[Scraped caption text data]
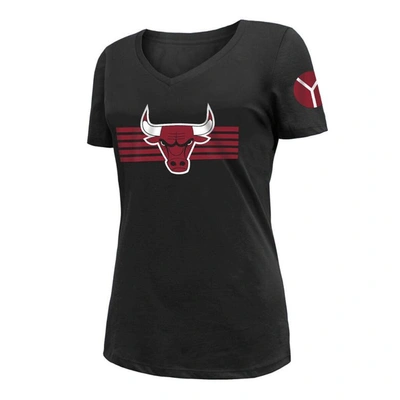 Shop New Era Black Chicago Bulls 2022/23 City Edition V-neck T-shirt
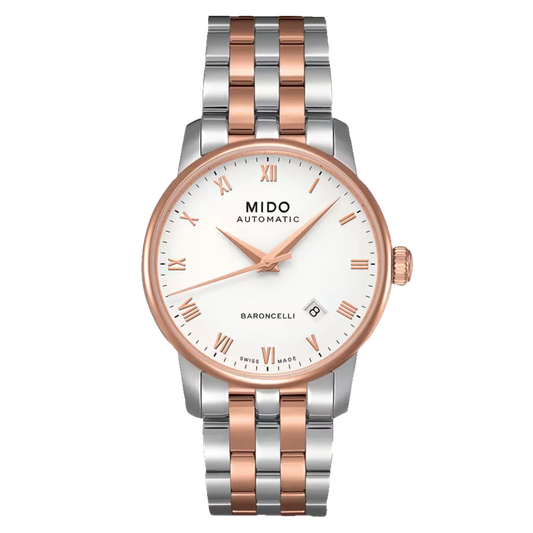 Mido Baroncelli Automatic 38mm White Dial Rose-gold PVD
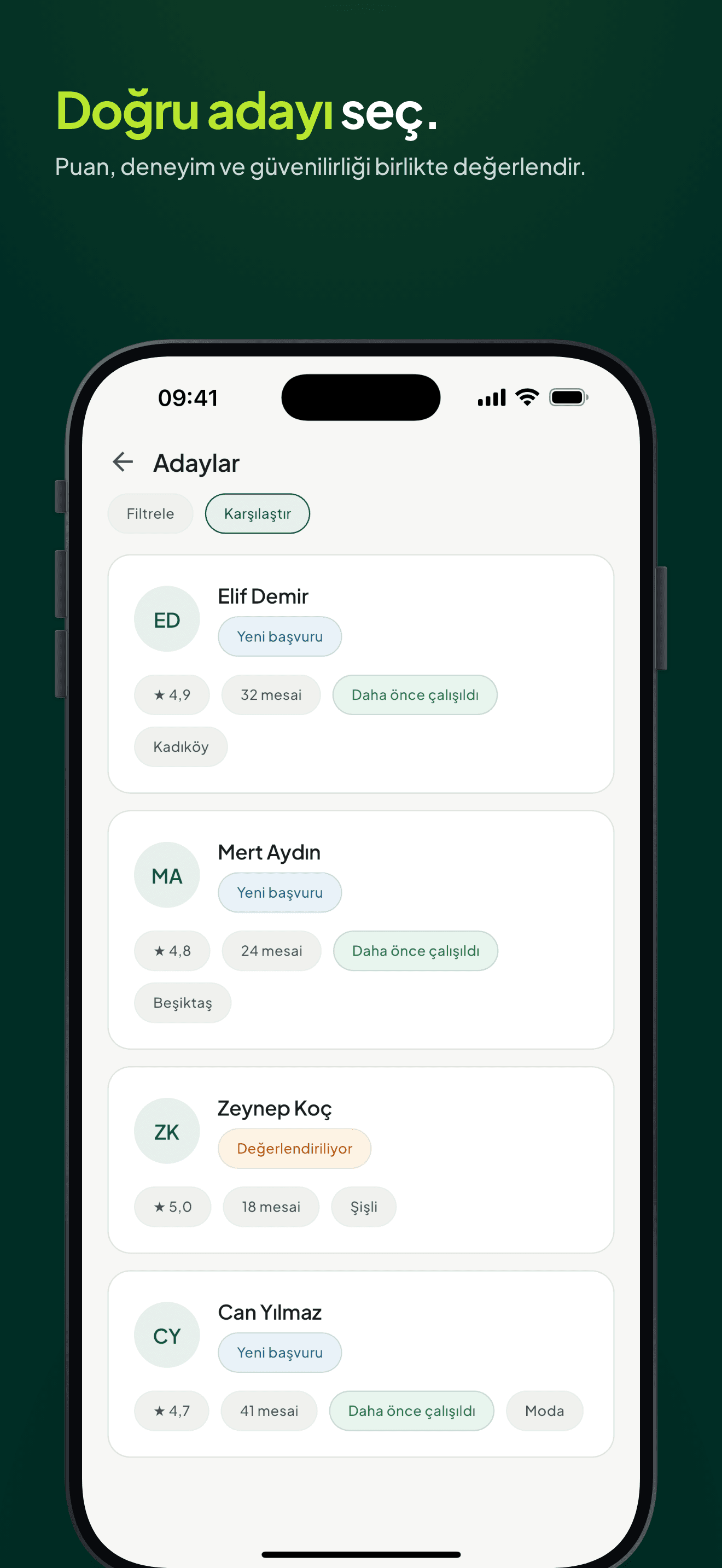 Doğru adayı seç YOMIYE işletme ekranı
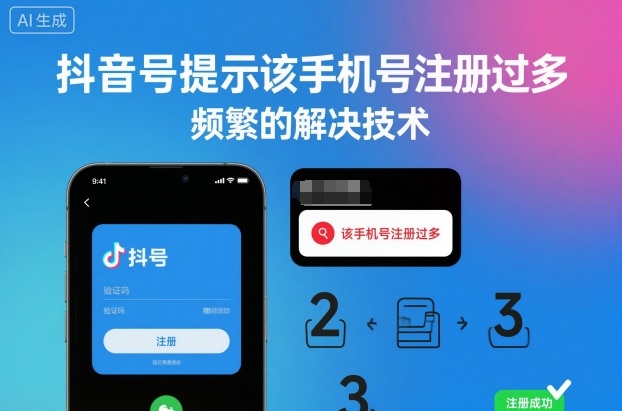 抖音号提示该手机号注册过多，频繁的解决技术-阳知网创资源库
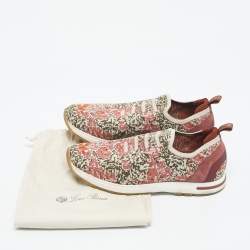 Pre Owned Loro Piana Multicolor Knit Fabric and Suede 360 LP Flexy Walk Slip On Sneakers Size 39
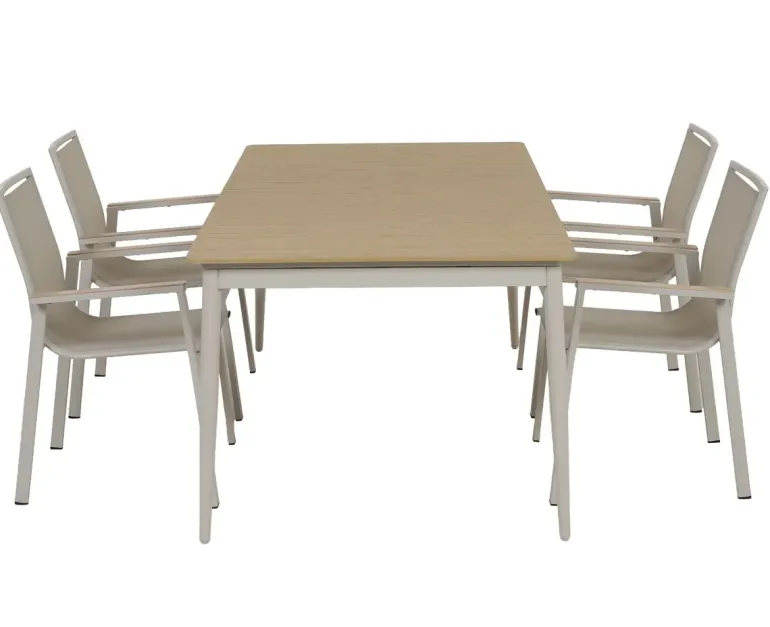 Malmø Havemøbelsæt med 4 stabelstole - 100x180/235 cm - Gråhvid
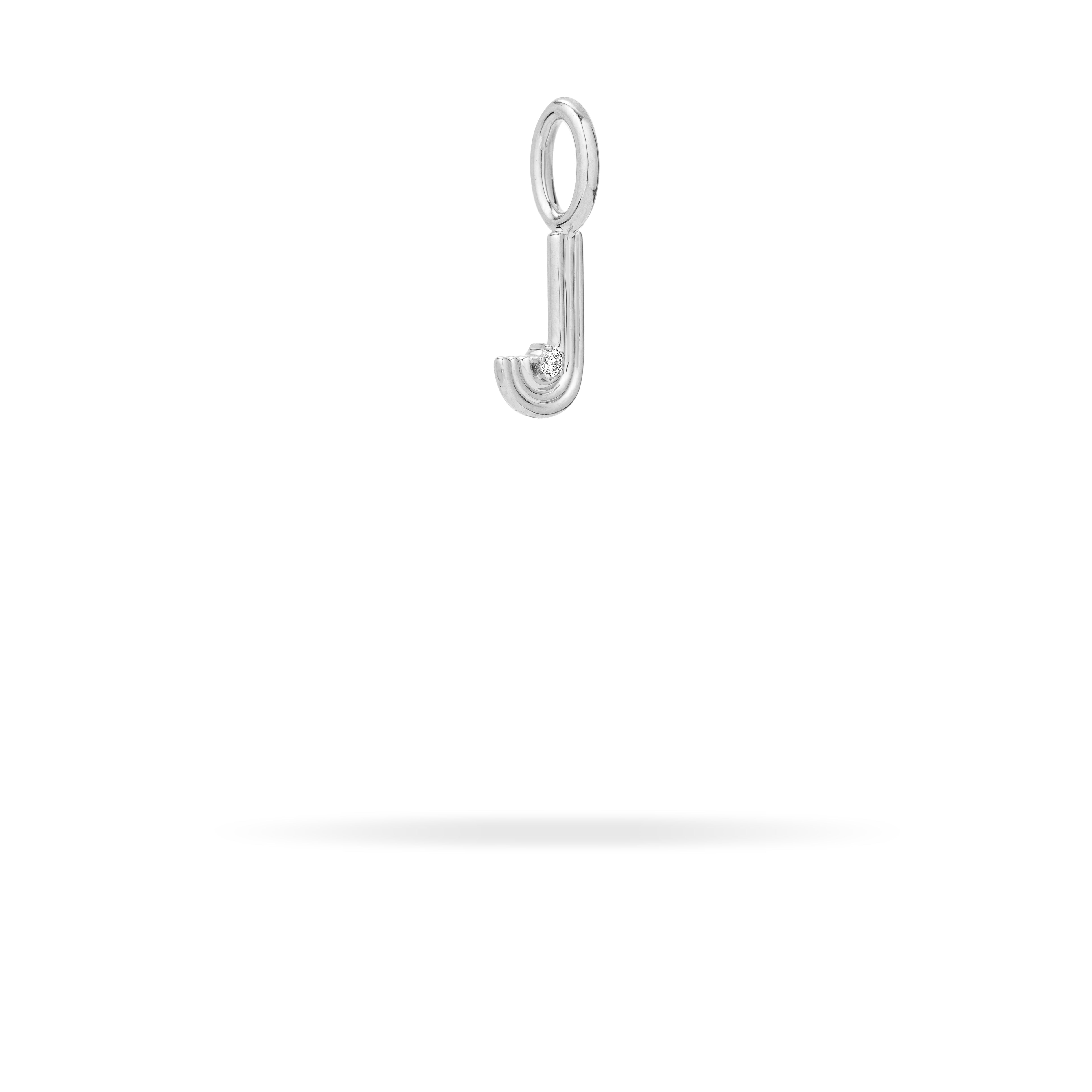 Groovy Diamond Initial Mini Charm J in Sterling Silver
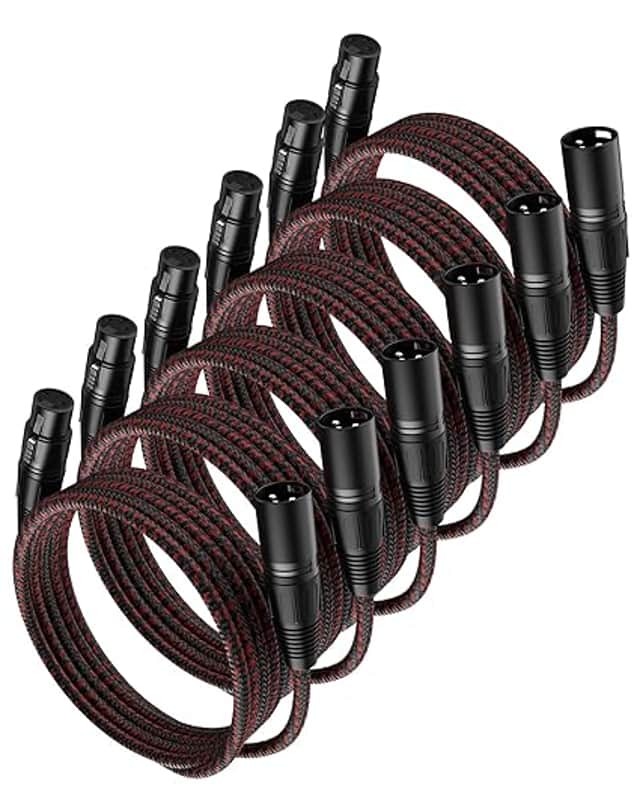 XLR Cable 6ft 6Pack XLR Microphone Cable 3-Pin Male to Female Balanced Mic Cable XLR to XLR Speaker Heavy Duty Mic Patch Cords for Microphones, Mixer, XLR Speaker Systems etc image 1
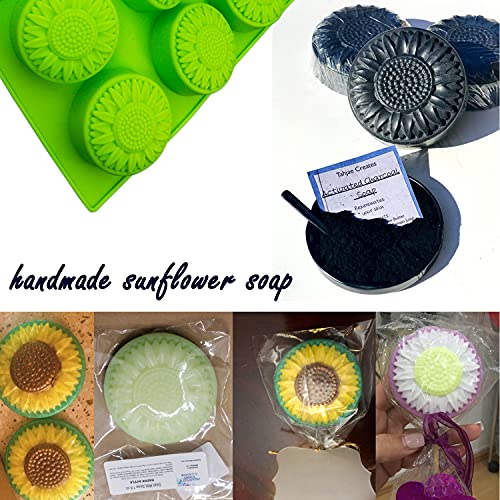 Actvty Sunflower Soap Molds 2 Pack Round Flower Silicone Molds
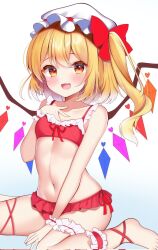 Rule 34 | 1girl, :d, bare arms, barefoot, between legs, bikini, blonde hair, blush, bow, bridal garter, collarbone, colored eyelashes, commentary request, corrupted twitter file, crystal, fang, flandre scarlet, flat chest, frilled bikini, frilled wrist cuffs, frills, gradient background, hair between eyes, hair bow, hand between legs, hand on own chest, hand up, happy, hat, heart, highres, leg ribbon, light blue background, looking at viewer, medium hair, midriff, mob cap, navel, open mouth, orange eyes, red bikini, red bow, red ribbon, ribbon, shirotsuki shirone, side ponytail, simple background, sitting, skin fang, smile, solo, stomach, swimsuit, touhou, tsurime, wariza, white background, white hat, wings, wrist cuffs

• **TO DO**: Print all the entries exactly as they appear, without the pictures.

• **RESPONSE**:
 Shop New Era Black Chicago Bulls 2022/23 City Edition V-neck T-shirt
 Mido Baroncelli Automatic 38mm White Dial Rose-gold PVD
 Doğru adayı seç YOMIYE işletme ekranı
 抖音号提示该手机号注册过多，频繁的解决技术-阳知网创资源库
 Pre Owned Loro Piana Multicolor Knit Fabric and Suede 360 LP Flexy Walk Slip On Sneakers Size 39
 Malmø Havemøbelsæt med 4 stabelstole - 100x180/235 cm - Gråhvid
 Groovy Diamond Initial Mini Charm J in Sterling Silver
 XLR Cable 6ft 6Pack XLR Microphone Cable 3-Pin Male to Female Balanced Mic Cable XLR to XLR Speaker Heavy Duty Mic Patch Cords for Microphones, Mixer, XLR Speaker Systems etc image 1
 Actvty Sunflower Soap Molds 2 Pack Round Flower Silicone Molds
 Rule 34 | 1girl, :d, bare arms, barefoot, between legs, bikini, blonde hair, blush, bow, bridal garter, collarbone, colored eyelashes, commentary request, corrupted twitter file, crystal, fang, flandre scarlet, flat chest, frilled bikini, frilled wrist cuffs, frills, gradient background, hair between eyes, hair bow, hand between legs, hand on own chest, hand up, happy, hat, heart, highres, leg ribbon, light blue background, looking at viewer, medium hair, midriff, mob cap, navel, open mouth, orange eyes, red bikini, red bow, red ribbon, ribbon, shirotsuki shirone, side ponytail, simple background, sitting, skin fang, smile, solo, stomach, swimsuit, touhou, tsurime, wariza, white background, white hat, wings, wrist cuffs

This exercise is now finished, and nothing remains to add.